(AIM OF THE TASK): Copy everything in the listing below word for word, apart from any images.

(INFORMATION SHOWN):

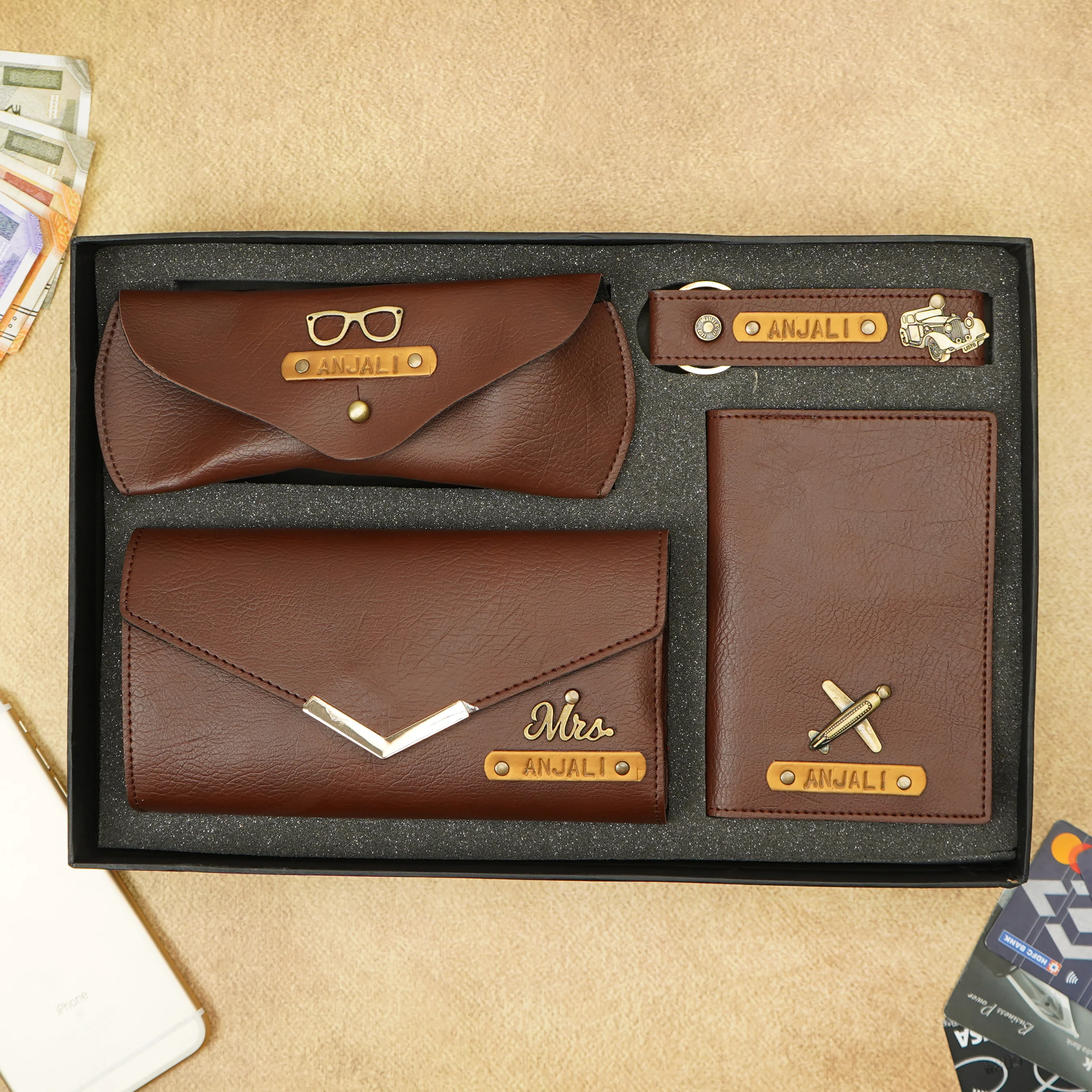Personalized Name Emboosed 4 in 1 Clutch Combo Gift for Girlfriend | Customized Gift for Girlfriend | Engraved Gifts for Her - Image 3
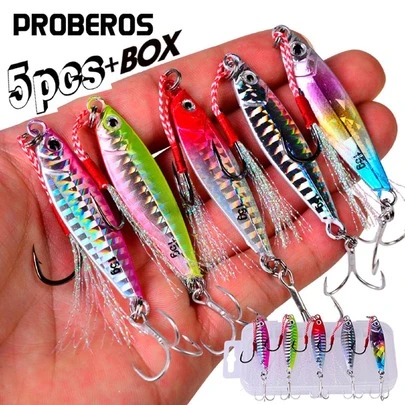 PRO BEROS Bộ 5 mồi câu cá kèm cá chì, đĩa sắt và lưỡi câu dùng cho câu cá nước mặn chậm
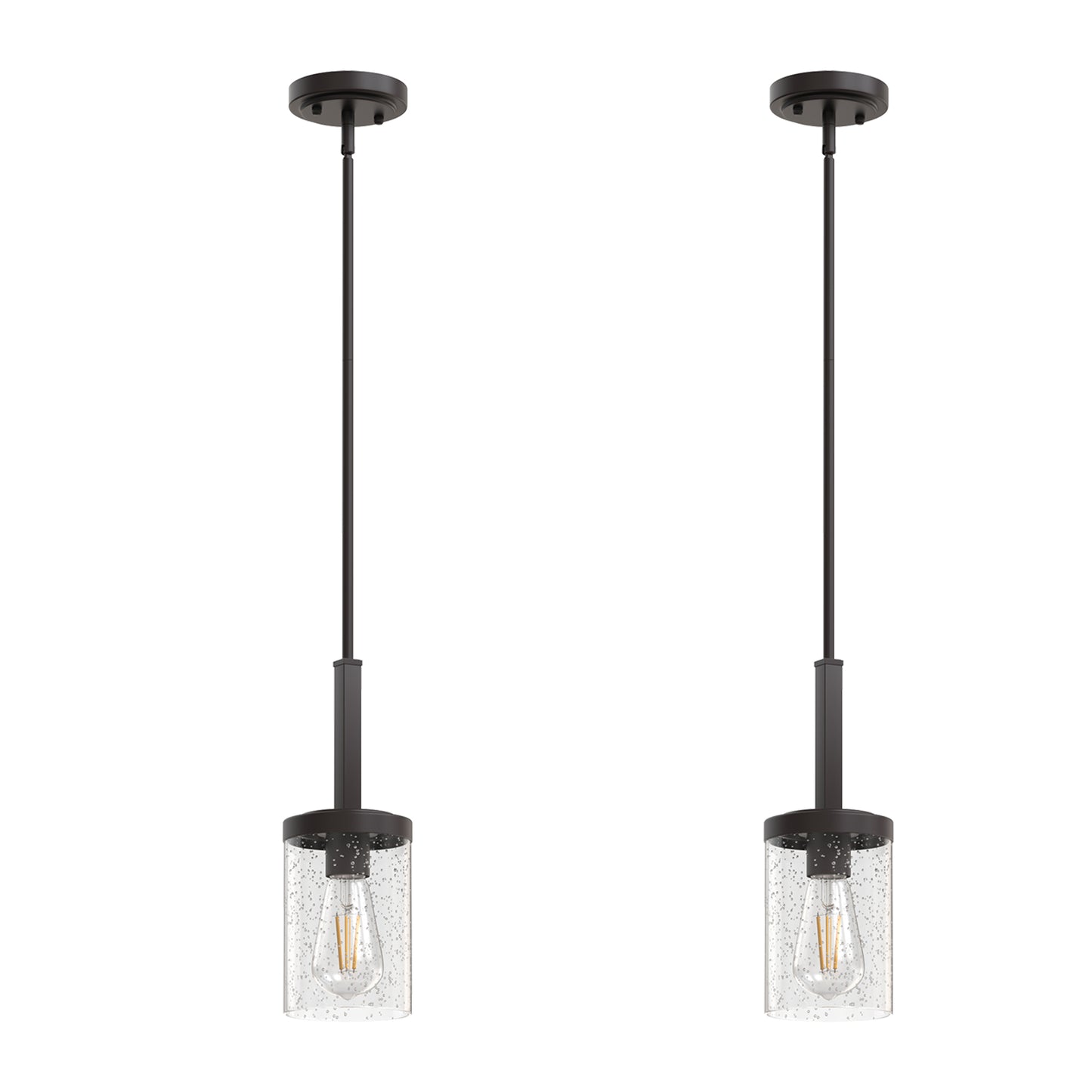 YANSUN Set of 2 Farmhouse Pendant Lights, Wood & Oil-Rubbed Bronze, Cylinder Glass Shades 4.7"x7.1", Adjustable Hanging Rods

(EXERCISE RESULT):
Personalized Name Emboosed 4 in 1 Clutch Combo Gift for Girlfriend | Customized Gift for Girlfriend | Engraved Gifts for Her - Image 3
 PRO BEROS Bộ 5 mồi câu cá kèm cá chì, đĩa sắt và lưỡi câu dùng cho câu cá nước mặn chậm
 YANSUN Set of 2 Farmhouse Pendant Lights, Wood & Oil-Rubbed Bronze, Cylinder Glass Shades 4.7"x7.1", Adjustable Hanging Rods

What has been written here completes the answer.